Dataset records Start Marker

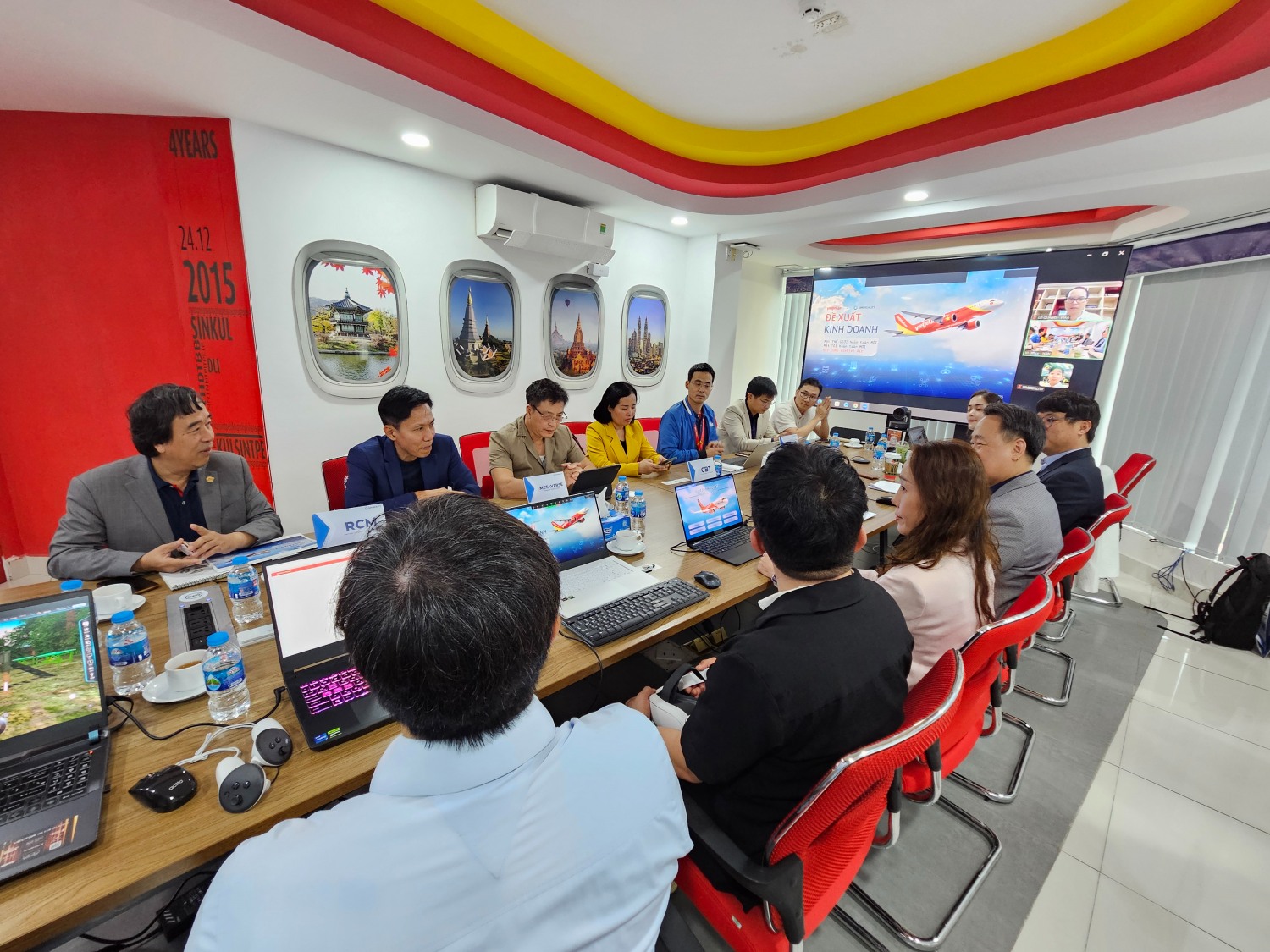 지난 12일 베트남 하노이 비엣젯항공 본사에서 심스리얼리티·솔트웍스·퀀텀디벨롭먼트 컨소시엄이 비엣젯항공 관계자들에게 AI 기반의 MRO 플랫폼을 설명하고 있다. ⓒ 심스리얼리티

Dataset records End Marker
Dataset records Start Marker

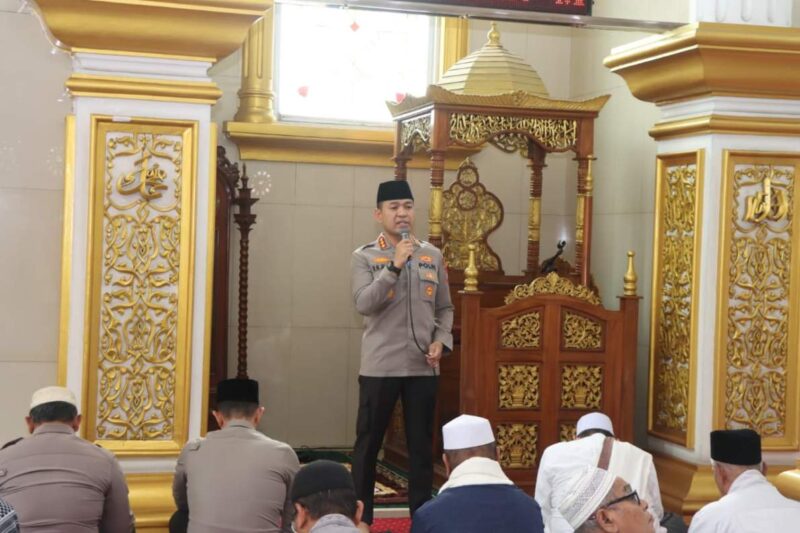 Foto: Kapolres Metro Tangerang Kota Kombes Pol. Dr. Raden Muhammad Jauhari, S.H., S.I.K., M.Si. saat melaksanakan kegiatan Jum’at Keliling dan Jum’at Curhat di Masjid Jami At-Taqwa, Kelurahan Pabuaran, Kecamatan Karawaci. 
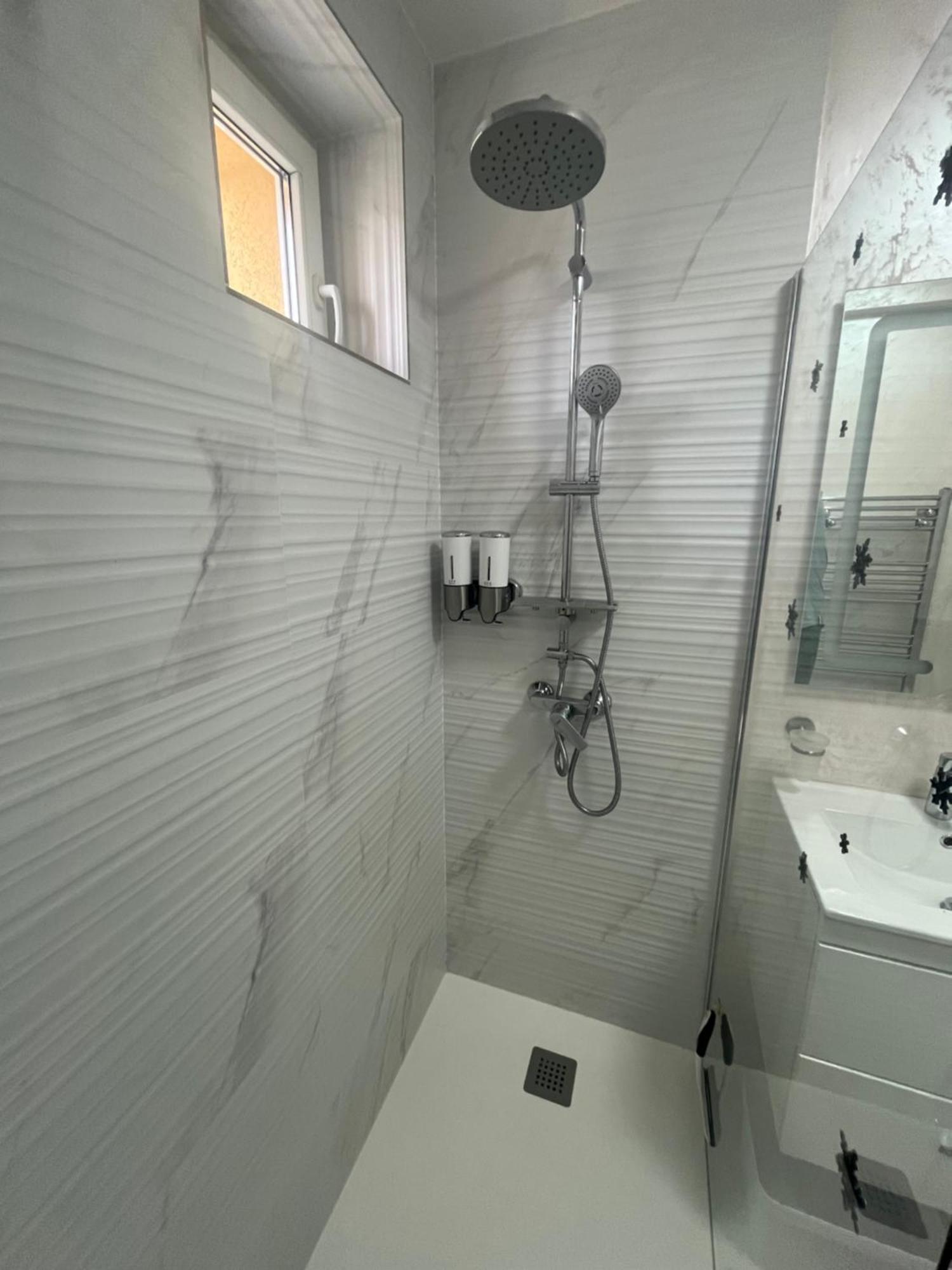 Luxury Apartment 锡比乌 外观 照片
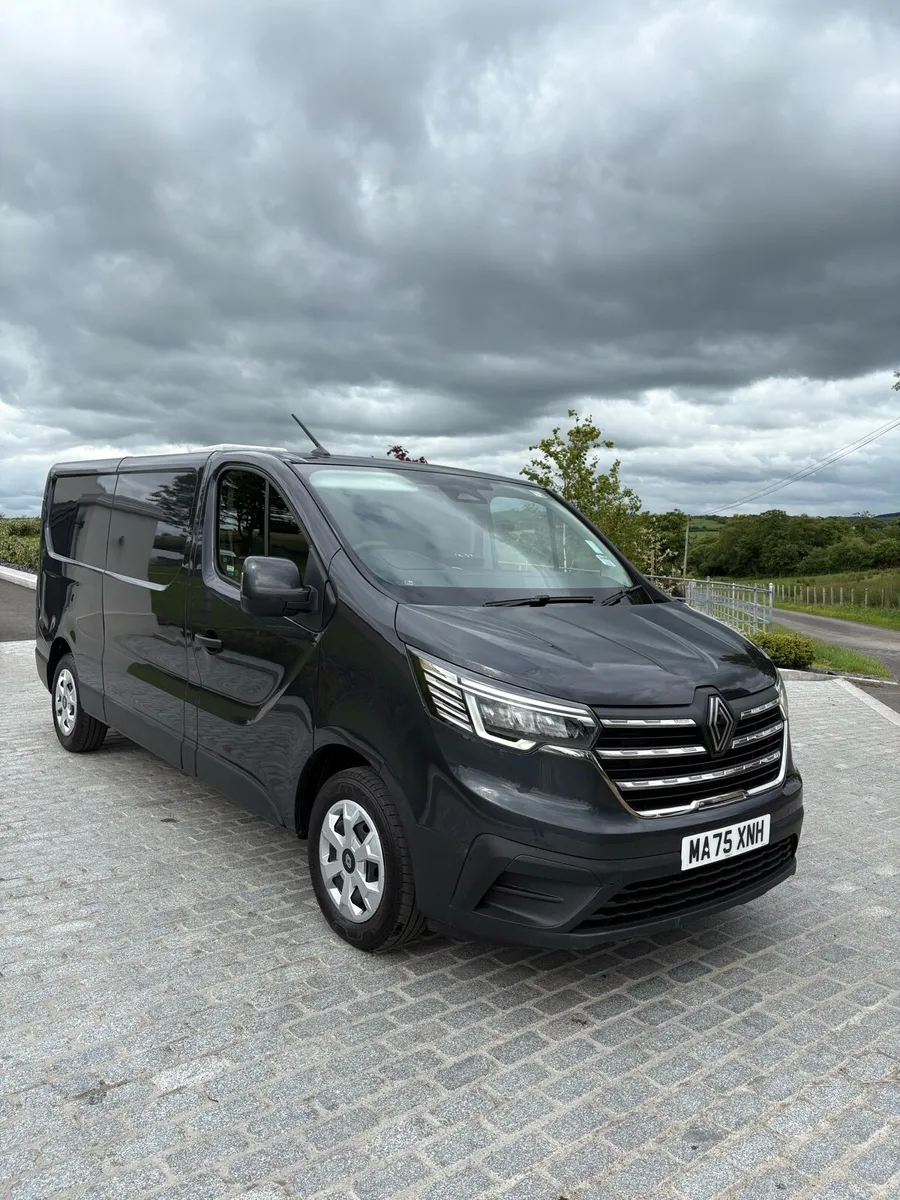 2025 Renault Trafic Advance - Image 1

Dataset records End Marker

§ Required action:
Look above for the line with "Foto: Kapolres Metro" and the line with "Luxury Apartment 锡比乌 外观 照片", then copy them and all lines in between exactly as written, and only those, without any pictures.

§ Solution for this problem:
 Foto: Kapolres Metro Tangerang Kota Kombes Pol. Dr. Raden Muhammad Jauhari, S.H., S.I.K., M.Si. saat melaksanakan kegiatan Jum’at Keliling dan Jum’at Curhat di Masjid Jami At-Taqwa, Kelurahan Pabuaran, Kecamatan Karawaci. 
 Luxury Apartment 锡比乌 外观 照片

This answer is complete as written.